Não muito depois, lembra Joseph Jackson, hoje empresário dos filhos famosos, Michael confessaria a uma de suas professoras que o sonho de sua vida era se tornar um entertainer rico e famoso. O que ele não podia antever, porém, eram as consequências de sua determinação. A dimensão de sua fama e riqueza tornou-se pública no começo deste ano, quando a CBS recebeu 1.500 convidados no Metropolitan Museum de Nova York para uma festa (avaliada em 1,5 milhão de dólares), em que foi anunciado um novo recorde da história moderna: o disco Thriller, batendo o seu antecessor, Saturday Night Fever (com 25 milhões de cópias vendidas), era o maior recorde fonográfico de todos os tempos. Michael Jackson entrou para o Guinness Book of World Records.

O sucesso de Thriller, porém, não é o único recorde de Michael Jackson. Recentemente ele bateu, também, o cantor Paul Simon, ao arrebatar oito troféus Grammy de música. Jackson foi apontado ainda como o melhor artista e melhor vocalista em 28 países do mundo, da Grécia à Holanda.

Apesar de tímido nos encontros com a imprensa, a reputação profissional de Michael Jackson é a de um perfeccionista. Quando se trata da contratação de um novo empresário, músico ou promotor de shows, ele atua como o mais meticuloso dos repórteres, fazendo detalhada investigação e pedindo conselho aos irmãos e outros profissionais do ramo. Embora acredite piamente que o talento que lhe foi atribuído por Deus, Jackson sabe muito bem o preço desse talento no mercado. A fortuna pessoal do cantor é avaliada hoje em cem milhões de dólares, parte dos quais proveniente dos dois dólares que ele recebe por cada cópia do disco Thriller vendida pelo mundo afora.

Mas, como tudo na vida, a fama também tem seu preço. Desde o dia em que Elvis Presley apareceu em público sacudindo as cadeiras, tornou-se hábito na imprensa mundial questionar a virilidade dos ídolos. Nunca, antes, se atribuiu tanta importância a essa questão como no caso de Michael Jackson. Diariamente aparece na imprensa norte-americana pelo menos uma nova revelação sobre a vida íntima do cantor: "Michael toma hormônios para manter a voz feminina." Ou acusações menos diretas: "Virilidade de Michael preocupa a família." A última revelação foi publicada no ano passado, pelo jornal Rolling Stones, fazendo insinuações diretas sobre a homossexualidade do artista.

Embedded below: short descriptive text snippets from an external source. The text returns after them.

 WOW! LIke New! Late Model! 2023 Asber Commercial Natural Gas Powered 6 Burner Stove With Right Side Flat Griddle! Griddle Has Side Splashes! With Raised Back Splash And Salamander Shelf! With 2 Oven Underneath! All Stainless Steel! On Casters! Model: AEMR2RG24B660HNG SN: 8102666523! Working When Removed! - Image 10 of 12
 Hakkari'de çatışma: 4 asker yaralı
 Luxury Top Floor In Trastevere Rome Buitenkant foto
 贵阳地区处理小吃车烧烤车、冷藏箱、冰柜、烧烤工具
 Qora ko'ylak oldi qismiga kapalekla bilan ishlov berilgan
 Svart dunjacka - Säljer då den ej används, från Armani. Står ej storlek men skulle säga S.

Mas nada disso parece afetar o prestígio de Michael Jackson. O presidente Reagan exalta-o como modelo para a juventude norte-americana, enquanto prefeitos e governadores de todas as partes dos EUA suplicam à família Jackson que inclua suas cidades no roteiro de Victory.

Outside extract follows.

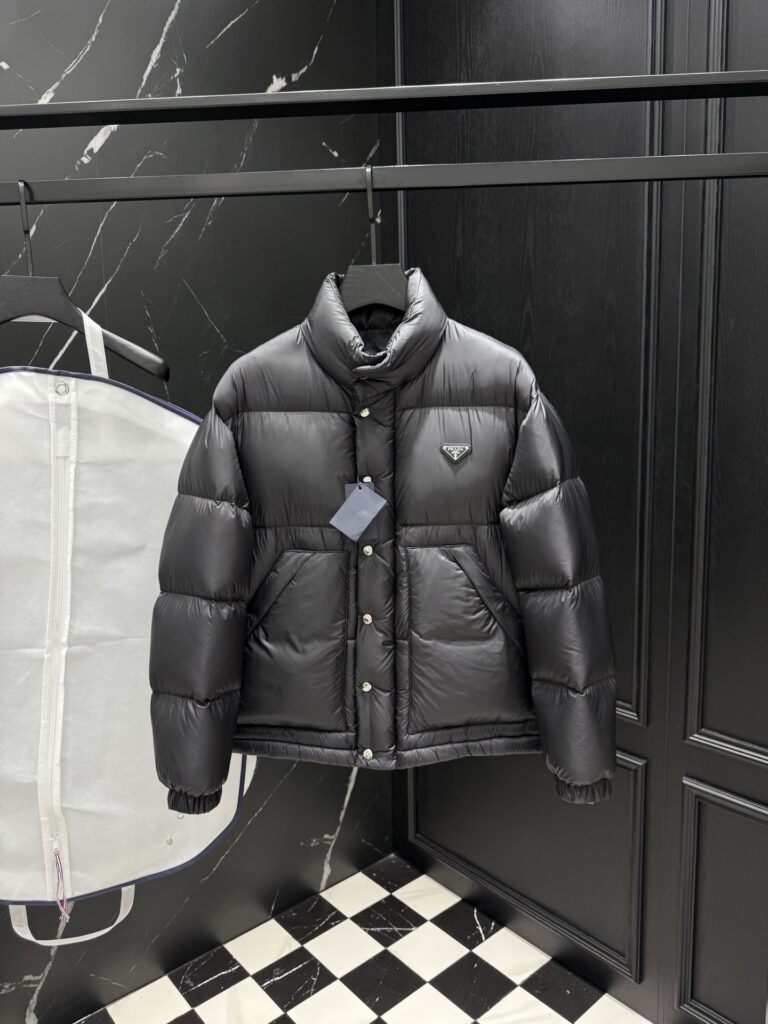 プラダ「Prada」秋冬ダウンジャケット スタンドカラー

Há algo, porém, no fenômeno Michael Jackson que é completamente inédito na história da música pop. No passado, ídolos como Elvis Presley ou os Beatles eram capazes de levar a juventude a novos horizontes de descobertas, experiências e sonhos. Nunca se teve notícia, entretanto, de um ídolo das proporções de Jackson que fosse tão completamente definido pelo medo e pela fuga. O medo e a fuga estão na letra de suas melhores canções. Billie Jean é a história de um homem fugindo de uma mulher que o aculsa falsamente de tê-la engravidado. O medo e a fuga estão também nos vídeo-clips em que Michael escapa das garras de detetives sinistros usando o simples truque de desaparecer no ar. E então finalmente na cumplicidade do cantor ao vender a sua arte para o mais barato fim comercial. Billie Jean certamente revela alguma coisa sobre os pesadelos secretos de Michael Jackson, dizia na semana passada a revista Newsweek. Mas ao usar a canção como locomotiva de vendas da Pepsi Cola, Jackson a destituiu de qualquer sentido, transformando-a num mero jingle de TV.

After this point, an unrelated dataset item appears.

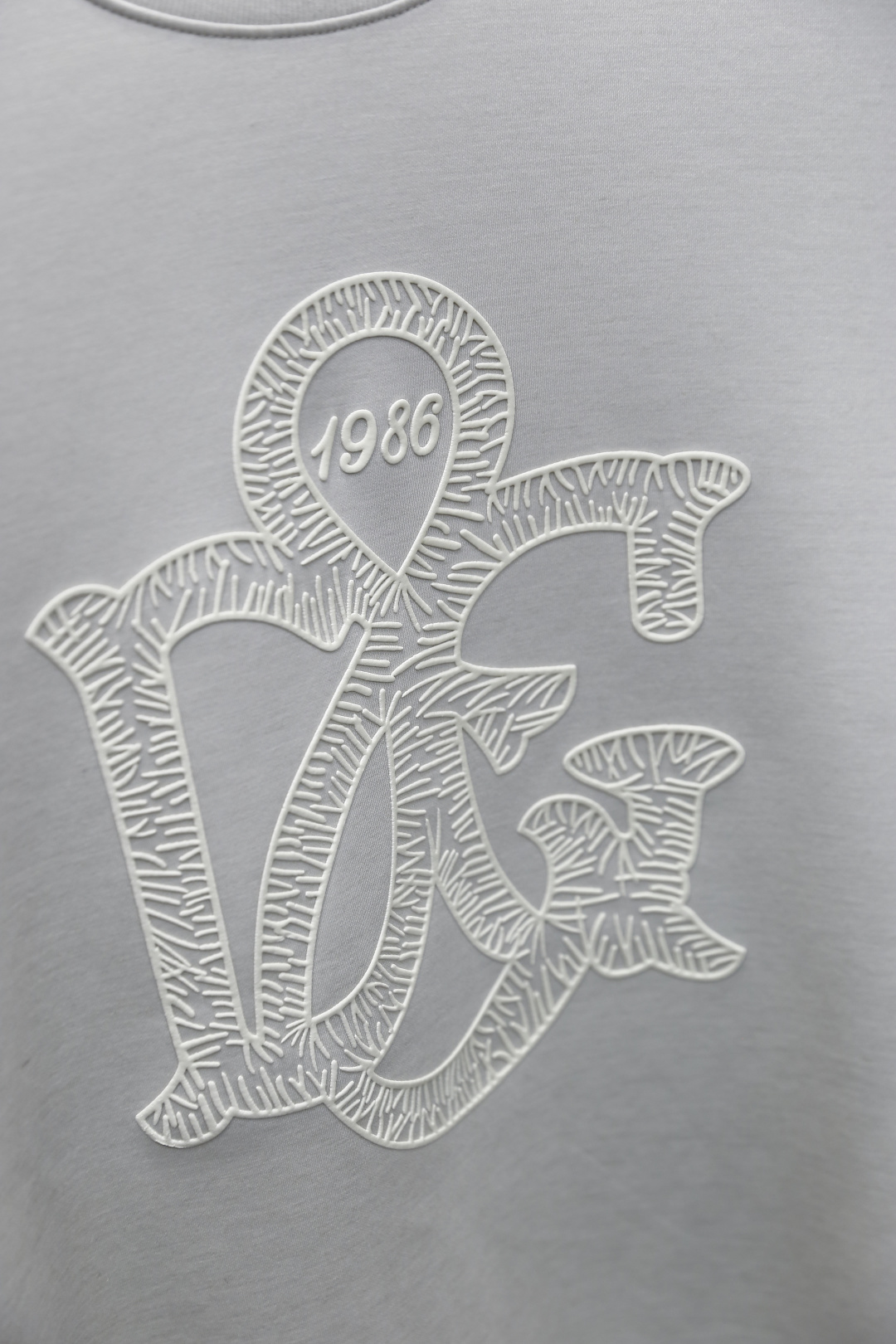 🔥杜嘉班纳/Dolce & Gabbana.2025秋季新款！时尚男士圆领短袖🍃采用进口舒适保暖棉面料👍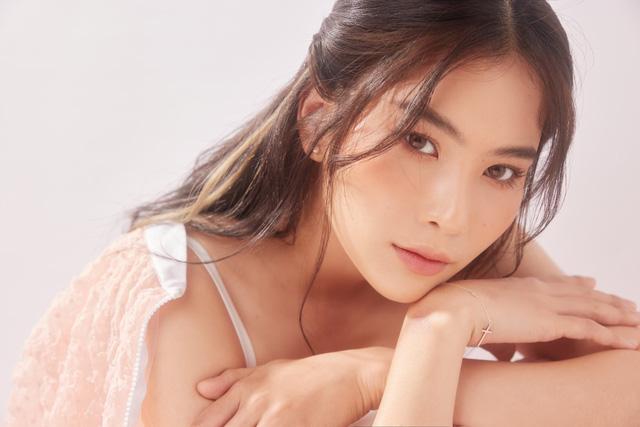 Cô Kỳ Nhông Nam Anh trong Hương Vị Tình Thân: Diễn lố nhưng thời trang bao chảnh-12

Máquina e efeitos por trás da excursão

IRVING, TEXAS - Sexta-feira, Michael Jackson e seus quatro irmãos fizeram a primeira das três apresentações programadas para a cidade de Irving, Texas, segunda etapa da excursão do cantor pelos Estados Unidos, que começou esta semana em Kansas City, Missouri. Mais uma vez, o novo ídolo norte-americano do rock mobilizou uma plateia de 45 mil pessoas, foi aplaudido e ovacionado por um público de jovens e adultos tão entusiasmados quanto aqueles que assistiram aos concertos de estreia da turnê. Para a série de três espetáculos, que prosseguiu no sábado e se encerra hoje, 107 mil ingressos foram vendidos. Victory, título do mais recente LP de Jackson, que já vendeu dois milhões de cópias, resgata, depois de muitos anos, o antigo grupo Jackson Five, Michael e seus quatro irmãos. Entre as 17 canções que interpretam uma parte delas é do tempo em que gravavam juntos, como I'll Be There, mas a grande estrela, apesar dos esforços, continua sendo ele.

Os três concertos em Kansas City atraíram 135 mil espectadores e renderam mais de 26 milhões de dólares. Uma semana antes da estreia começaram a chegar os 375 toneladas de equipamentos, trajes e aparelhagem para os efeitos especiais. Primeira escala da excursão por 13 cidades norte-americanas, serviu ao grupo para provar o impacto de seu espetáculo, apesar de parte da crítica ter acusado Jackson de não incluir no repertório nenhuma faixa de seu LP Thriller. Outros reclamaram do preço dos ingressos, 30 dólares por pessoa, muito caro para shows em estádios. Cada apresentação, de montagens sofisticadíssimas, inclui grandes efeitos cênicos, com palco de vários pisos, e especiais que utilizam até o laser. São tantos os equipamentos que faltaram caminhões para transportá-los de Kansas City até Irving, no Texas.

A excursão toda deverá render entre 80 a 100 milhões de dólares - Michael já disse que doará sua parte à instituições de caridade. Mas Victory, até novembro, estará movimentando muito mais do que isso. Russel Cline, promotor dos concertos em Kansas City, informou que os valores gerados a cada hora de atuação de Jackson foram de cerca de um milhão de dólares, entre a comercialização de ingressos, recordações e estacionamento. Um funcionário público da cidade, A. J. Wilson, acrescentou que Kansas City recebeu até 20 milhões de dólares com alojamentos, alimentação e outros tipos de serviços.

Ao lado dos irmãos Jermaine, Marlon, Randy e Tito, Michael Jackson entra em cena com seus trajes extravagantes e, como já é seu hábito, ergue a mão enluvada e saúda o público. Na plateia, depois de passar por um rígido sistema de segurança, estão milhares de adolescentes, verdadeiras réplicas de seu ídolo: cabelos molhados de gomalina, jaquetas, óculos escuros, calças pelo tornozelo e a obrigatória luva branca, na mão direita.